Discord's Apple
Page 81
“Evie, get out of the car! Keep your hands up!” Johnny called. The other officers moved around to flank them.
“Dad, that woman with him is working for Hera. I think Alex is right. She might have told them anything.”
Her father’s car window hummed open. He leaned his head out. Alex held his arm, like he wanted to pull him back, and Evie nearly screamed at him.
“You, too, Frank! Out of the car!”
“What’s the problem, Johnny?” Frank said.
“Those men in the car, I need to take them in.”
“Why? What have they done?”
“They’re wanted. I’ve got warrants.”
Evie shouted out her own window, “Whatever that woman told you, it isn’t true. She’s lying. They haven’t done anything.”
Johnny glanced back at the woman. She didn’t move; her expression never changed. Three cops held guns trained on the car.
“I could arrest you for harboring terrorists. Both of you! They’re terrorists, Evie. You don’t want to help them!” His jaw clenched. He was close enough that Evie saw sweat on his face.
“I can’t do much against guns,” Arthur said softly. “Not that many of them, at least.”
“I can take as many bullets as you need me to,” Alex said.
Arthur muttered something that sounded like, “Good God.”
She’d gotten a citation from the President recognizing her patriotism. She couldn’t believe she was about to do this.
“Dad, get down,” she said, and put the car into gear. She stepped hard on the gas pedal, and the car screeched forward, hit the curb, bounced onto the sidewalk, then off it again as she cranked the wheel around. The officer who’d been standing there lunged out of the way.
Shots rang out. Evie flinched, ducking reflexively while still trying to steer. She hadn’t expected them to shoot. These were Hopes Fort cops—how often did they have to shoot in the line of duty? When did they ever have to stop runaway cars?
She squealed around the next corner and was five blocks away before the sirens started after her.
“The cops here are a little slow on the uptake, aren’t they?” Alex said.
“That’s Hopes Fort,” Frank said. “Is everyone okay?”

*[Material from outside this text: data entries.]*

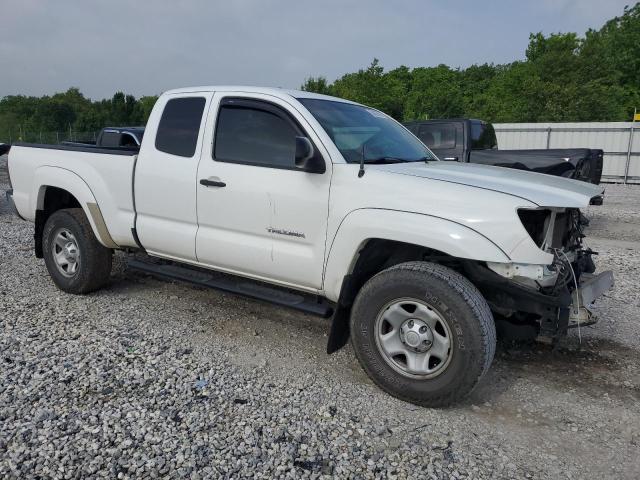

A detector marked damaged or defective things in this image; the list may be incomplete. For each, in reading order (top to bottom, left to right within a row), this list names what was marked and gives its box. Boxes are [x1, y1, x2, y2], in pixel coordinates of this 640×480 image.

damaged front end [464, 206, 616, 342]
broken front bumper [568, 272, 616, 328]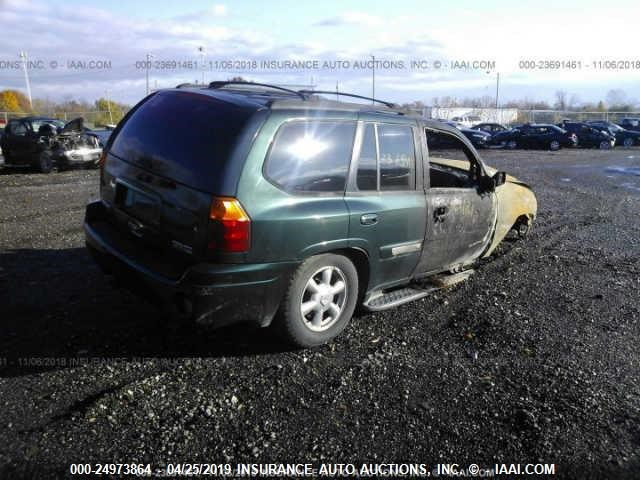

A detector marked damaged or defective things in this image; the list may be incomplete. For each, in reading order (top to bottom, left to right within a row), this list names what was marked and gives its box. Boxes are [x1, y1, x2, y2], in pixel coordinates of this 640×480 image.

burned hood [61, 118, 85, 135]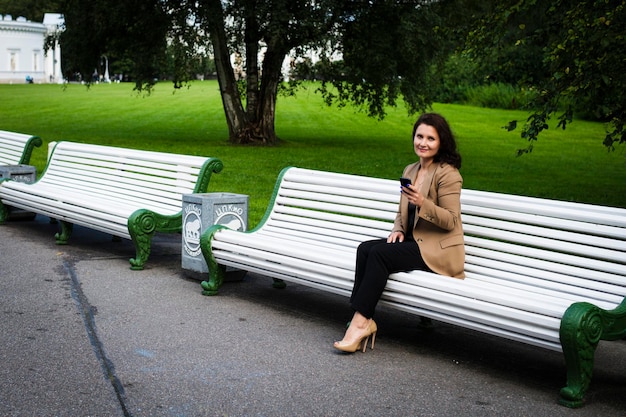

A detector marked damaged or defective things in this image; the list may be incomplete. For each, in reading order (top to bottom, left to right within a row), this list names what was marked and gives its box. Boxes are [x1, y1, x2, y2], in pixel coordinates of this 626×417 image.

pavement crack [64, 258, 132, 414]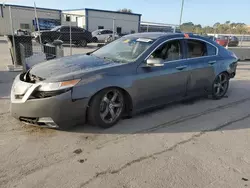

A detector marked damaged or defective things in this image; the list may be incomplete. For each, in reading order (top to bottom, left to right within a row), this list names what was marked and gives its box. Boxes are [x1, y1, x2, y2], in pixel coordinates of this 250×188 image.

damaged hood [29, 53, 119, 81]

“I don’t think they even hit the car.”
Evie drove until the pavement gave way to dirt. One car screeched to a stop at an intersection to avoid hitting them, the only oncoming traffic they encountered. Once again, that was Hopes Fort. But the sirens—two or three sets of them—were getting closer.
A flash ahead caught her attention. One of the cars was approaching from the other direction. They were going to hem her in.
Out of town now, all around them lay barren winter fields, plowed clean, waiting for spring planting.
She hoped the sedan had good tires.
White-knuckled, glancing manically in the rearview mirror, Evie leaned the wheel to the right. The car slid off the road, listing as it rolled onto the shoulder, which sloped to a ditch. Steering a wide arc meant she didn’t have to touch the brakes, and she had no faith in her ability to execute a Hollywood turn-on-a-dime at high speed. In moments, she was driving across the field, spewing a cloud of dirt behind her. She checked her mirrors and couldn’t see the cop cars through the dust.
An honest-to-God car chase, straight out of an issue of Eagle Eye Commandos. Not to mention the larger-than-life heroes surrounding her. She couldn’t wait to tell Bruce about this.
Home was about five miles ahead. She’d never considered going anywhere else. No one argued, so she kept going. Home was safe; the others must have thought so, too.
“They don’t seem to be following,” Arthur said, twisting to look out the back window.
The police cars were still there: One stopped on the road, two others slid down the embankment to the field, where, near as Evie could tell, their tires were spinning. They were shrouded in a huge cloud of dust, which was getting farther and farther away. Hopes Fort police cars: ten years old and in need of new tires. Or maybe they had a little luck on their side. Merlin was still out there, after all.